Entre los muchos factores que nos afectan a lo largo de
nuestra vida; uno de los que más cerca nuestro esta, es el olvido. Lo tenemos
con nosotros casi a diario, desde nuestros despistes cotidianos hasta la
perdida de recuerdos con el paso del tiempo.
No solemos tenerlo muy presente en nuestra mente; eso si,
hasta que sus consecuencias se hacen latentes y nos toca la fibra.
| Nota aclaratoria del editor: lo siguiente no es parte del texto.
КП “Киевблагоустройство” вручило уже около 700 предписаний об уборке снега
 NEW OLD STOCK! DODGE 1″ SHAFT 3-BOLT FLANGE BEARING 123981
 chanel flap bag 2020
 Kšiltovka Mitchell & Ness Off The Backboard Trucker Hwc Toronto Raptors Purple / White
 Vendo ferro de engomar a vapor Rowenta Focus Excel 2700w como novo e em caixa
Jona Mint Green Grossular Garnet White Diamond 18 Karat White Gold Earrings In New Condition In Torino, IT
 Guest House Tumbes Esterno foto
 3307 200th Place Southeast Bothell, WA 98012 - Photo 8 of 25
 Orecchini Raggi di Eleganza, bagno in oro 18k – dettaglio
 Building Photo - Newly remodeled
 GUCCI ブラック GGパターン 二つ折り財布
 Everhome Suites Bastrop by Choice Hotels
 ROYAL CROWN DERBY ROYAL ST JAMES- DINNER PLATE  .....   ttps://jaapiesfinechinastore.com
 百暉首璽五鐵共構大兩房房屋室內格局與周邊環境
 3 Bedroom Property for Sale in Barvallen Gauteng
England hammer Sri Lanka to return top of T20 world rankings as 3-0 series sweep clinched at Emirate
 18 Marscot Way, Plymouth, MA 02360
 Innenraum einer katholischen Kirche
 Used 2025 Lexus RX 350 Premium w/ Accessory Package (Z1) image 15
Además de no
soportar que se olviden de nosotros, cuando van cayendo los años sobre nuestras
espaldas tendemos cada vez más a pensar sobre lo que hemos hecho; pero no porque
evaluemos si han sido buenas o no; sino por que intentamos mirar en ellas si
dejaron huella a quienes afectaron, o a quienes nos vieron llevarlas a cabo; en
definitiva, si seremos recordados.
Somos conscientes que nuestros hechos siguen vivos mientras
nosotros lo estemos; mientras nuestra memoria funcione; también somos conscientes
de que las personas que nos quieren y queremos; mientras estemos en la
"brecha", se acordaran de nosotros. ¿Pero que pasara cuando no
estemos? ¿Nos echaran de menos? ¿Recordaran quien era y que hice? Estas
preguntas llegan incluso a formar parte de una época de nuestra vida; la que
curiosamente coincide con el final; es en ese instante, cuando la mayoría de
nosotros empezamos a pensar sobre lo que fuimos dejando detrás.
Justo cuando no tenemos casi capacidad para enmendar errores
o simplemente disculparnos por nuestros fallos; y ante las perspectiva de
nuestro final, es cuando nos preocupamos por nuestra huella en la vida y en las
personas; por si hemos hecho bien o no; en lugar de haberlo hecho cuando
tenemos la oportunidad en el instante que ocurre, esto solo es una muestra más
de nuestro egoísmo y nuestra inconsciencia.
Tampoco podemos obviar el comportamiento de la memoria
humana, tan selectiva como caprichosa; solo reteniendo claramente los errores,
solo recordando el dolor; y medio olvidando los aciertos; no nos lo ponemos
fácil ni a nosotros mismos. No es que la empatía reine demasiado entre nosotros
normalmente, cuando entre nuestras tendencias se incluye la de tratar de
desvalorar lo que otros tengan mejor que nosotros, en lugar de mejorar lo
nuestro.
Sumando todo esto, como poco es irónico que el tiempo de
reflexión nos llegue al final de nuestra experiencia vital; cuando no podemos
hacer nada por cambiar las cosas; aun siendo testigos de otras realidades,
realidades tristes y cercanas como las producen el Alzheimer o el Parkinson;
las cuales en las personas que las padecen producen que su memoria, su vida y
su personalidad sean devoradas por el olvido sin piedad y sin retorno.
Será que vivimos a tal velocidad que o nos damos cuenta, o
pensamos que no nos toca; y no imaginamos vernos en estas situaciones; pero
puede pasar, y debemos tenerlo en cuenta; porque si para todos los que están
escribiendo las ultimas líneas de su destino es triste mirar atrás, ver errores
y no poder hacer nada por subsanarlos; es aún peor, no poder tan siquiera
acordarte de que fuiste alguien; de que hacías algo y de que tuviste una vida.
Quizás va siendo hora para todos, de hacer y pensar que hacemos; de discernir si
está bien o mal lo que hacemos; y de reparar cuando ocurren los daños y
errores; porque el olvido, es hermano del tiempo; no descansa y siempre pasa; y
al final, quienes realmente tienen que tener la consciencia tranquila; saber que
nuestro deber esta cumplido, descansar sabiendo que hicimos todo cuanto
podíamos y marcharnos bien estando en paz con el mundo, somos nosotros.